The orchestral excellence was unflagging, however, as was the superb fortepiano continuo. Baigent’s tempos were light, fleet and yet gave space for melody and, indeed, decorations (Selim’s ‘Che bel Turco! Avviciniamoci’ a case in point - lower voices do need that space, and Peter Kálmán was superb, as he also was throughout, occasional air around his voice notwithstanding).

Seen at home, Prosdocimo (and with his silent partner, played by Anne-Marie Sullivan) exists in creative turmoil and chaos, searching for notes (paper!) in the mess of crumpled, discarded ideas under his desk (see photo above). Matteo Mancini takes the role with brilliance, his presence a brilliant mix of authority and authorly misdirection as he explores the plot’s cul-de-sacs and possibilities.
Rodion Pogossov’s Don Geronio is the only cast member taken over from the 2021 cast. He sings and acts with great assurance, a fabulous comedy actor who absolutely held his own. But for all the male singers - and we’re not finished with them, yet - it was two of the ladies who triumphed. The first is as it should be: the leading lady, Fiorilla, Elena Villalón was superb, her ‘Non si da follia maggiore’ eloquent and yet agile, her great act II scena ‘Squallida veste e bruna’ justifiably bringing the house down. But how lovely it is to hear a ‘secondary’ character sung with such confidence and beauty that she attains equal footing in the memory: Aytaj Shikhalizada as Zaida was just phenomenal: her act 1 scene 2 contribution to ‘Nostra patria è il mondo’ alongside the strong Albazar of Anie Gou was the first of several moments when she shone. It is always wonderful when the smaller roles excel, and I look forward to hearing more from this singer. Shikhalizada arrives fresh from singing Grimgerde, one of the Valkyries, in an all-star Walküre at Salzburg (Lise Davidsen, Brünnhilde - whom I hear tonight at Wigmore Hall and which report will appear here next week - Christopher Maltman, WotanBrindley Sherratt, Hunding).
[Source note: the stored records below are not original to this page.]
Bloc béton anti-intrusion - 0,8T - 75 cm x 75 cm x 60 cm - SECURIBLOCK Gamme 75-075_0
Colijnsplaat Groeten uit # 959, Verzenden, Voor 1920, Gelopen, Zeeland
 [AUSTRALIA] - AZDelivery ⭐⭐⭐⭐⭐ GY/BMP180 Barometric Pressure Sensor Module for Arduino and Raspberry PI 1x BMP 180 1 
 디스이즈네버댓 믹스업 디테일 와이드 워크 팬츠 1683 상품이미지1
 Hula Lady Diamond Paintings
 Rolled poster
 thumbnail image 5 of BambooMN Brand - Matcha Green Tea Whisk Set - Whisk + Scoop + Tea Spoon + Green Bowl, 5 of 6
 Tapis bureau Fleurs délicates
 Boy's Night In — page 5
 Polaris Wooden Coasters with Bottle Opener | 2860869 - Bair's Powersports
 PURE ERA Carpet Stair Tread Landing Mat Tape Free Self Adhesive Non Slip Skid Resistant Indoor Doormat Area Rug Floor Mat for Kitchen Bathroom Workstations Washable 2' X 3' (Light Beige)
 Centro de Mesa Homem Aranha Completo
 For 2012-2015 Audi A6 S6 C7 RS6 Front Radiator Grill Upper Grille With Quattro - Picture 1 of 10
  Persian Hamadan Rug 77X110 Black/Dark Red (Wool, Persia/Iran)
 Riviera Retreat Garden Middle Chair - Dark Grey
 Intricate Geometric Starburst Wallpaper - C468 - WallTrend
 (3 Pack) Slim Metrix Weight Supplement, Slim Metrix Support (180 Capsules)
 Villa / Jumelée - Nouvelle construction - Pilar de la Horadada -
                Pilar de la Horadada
Any review of this Glyndebourne Turco would be incomplete without a mention of Elvis Presley and his sausage. It’s not the first time an Elvis quiff has graced the role of Narciso (think Moshe Leiser and Patrice Caurier,’s RBO staging), but how it worked. Minghao Liu loved every moment of his act 2 scena, and so did the audience (his post-performance bow was absolutely in character, too).
This is magical. Any gripes are micro-gripes, with an orchestra delivering preternatural accuracy 99% of the time at least. Glyndebourne’s season this year is a procession of great operas: L’Orfeo is next in line.